The firm's archives once dated as far back as 1796, and its founder, the German-born jeweler Andreas Roempler, was established in St. Petersburg as early as 1790. In the registers of the German colony of this city he is called Master of Diamonds. He functioned as official appraiser to the Russian Imperial Court from the early 1790s. His eldest daughter, Sofia, married Gottlieb Ernst Jahn, a goldsmith, who subsequently became Roempler's partner. Jahn is known to have supplied an opal and diamond jewelry suite, comprising a tiara, necklace and bracelet, at the occasion of the christening of Grand Duke Nicholas Nikolaevich of Russia on 17 May 1834. The price of 169,601 roubles was the highest ever paid for a christening gift in the nineteenth century.
In 1833 Carl Edvard Bolin arrived in St. Petersburg and began to work for Andreas Roempler. In 1834 he married Ernestine Catharina, another daughter of the recently deceased Roempler, becoming a full partner at the occasion of his marriage. The firm was henceforth named Jahn & Bolin. Brother-in-law Jahn died in 1836, leaving Bolin as partner to Jahn's widow. In 1839 the partners submitted a request to become Jewelers to the Imperial Court, which was granted. The name Jahn & Bolin prevailed for another two decades.

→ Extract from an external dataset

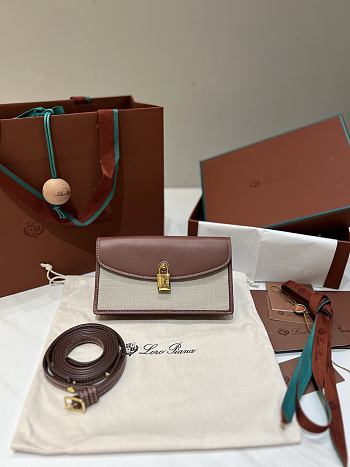 Loro Piana Extra Pochette Cotton In Linen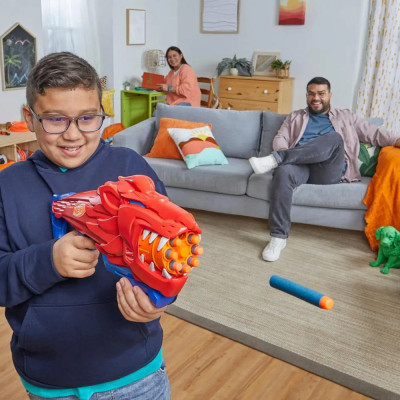 Іграшкова зброя Hasbro Бластер Nerf LionFury (F8646)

Bolin rapidly became the most important jeweler in St. Petersburg. At the peak of his activity, he supplied more to the Imperial Court than all other jewelers put together. Towards the end of the nineteenth century some of the leading Paris houses, in particular Boucheron, established themselves in Russia, and were granted commissions. From the 1890s, Bolin's main competitor was Fabergé, and although the Bolins continued to make most of the large pieces of jewelry for the Court, Fabergé surpassed Bolin in numbers and possibly also in turnover. The total invoiced was 339,400 roubles.

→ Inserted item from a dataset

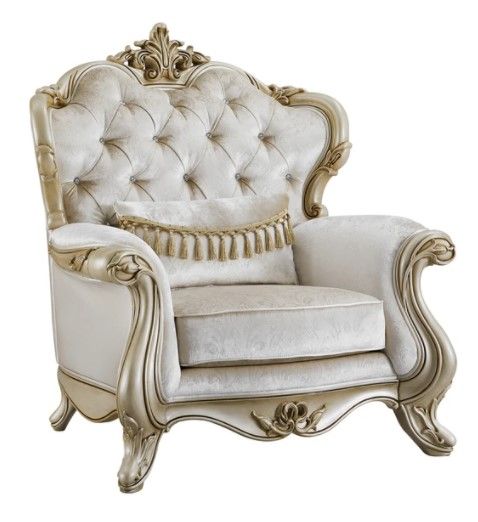 New Classic® Home Furnishings Monique Pearl Chair-0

In 1836 Henrik Conrad, then only sixteen years old, joined his elder brother in St. Petersburg, staying with Carl Edvard until 1852 when he opened a shop of his own in Moscow in partnership with an Englishman, James Steuart Shanks. Their shop was called Shanks & Bolin, Magasin Anglais, and was situated on the exclusive Kuznetski Most. They sold not only jewelry and silverware (this being Henrik Conrad's department) but also ladies' luxury accessories such as handbags, gloves, plumes, luxurious underwear, etc. This partnership did not last long and Henrik Conrad continued the business alone, though the Shanks an Bolin name continues on silverware until the 1880s. His specialty was fine silverware which he manufactured and sold in Moscow and with which he supplied his St. Petersburg relatives. Originally the silver workshop was run by Maria Linke, and later by her son, Konstantin.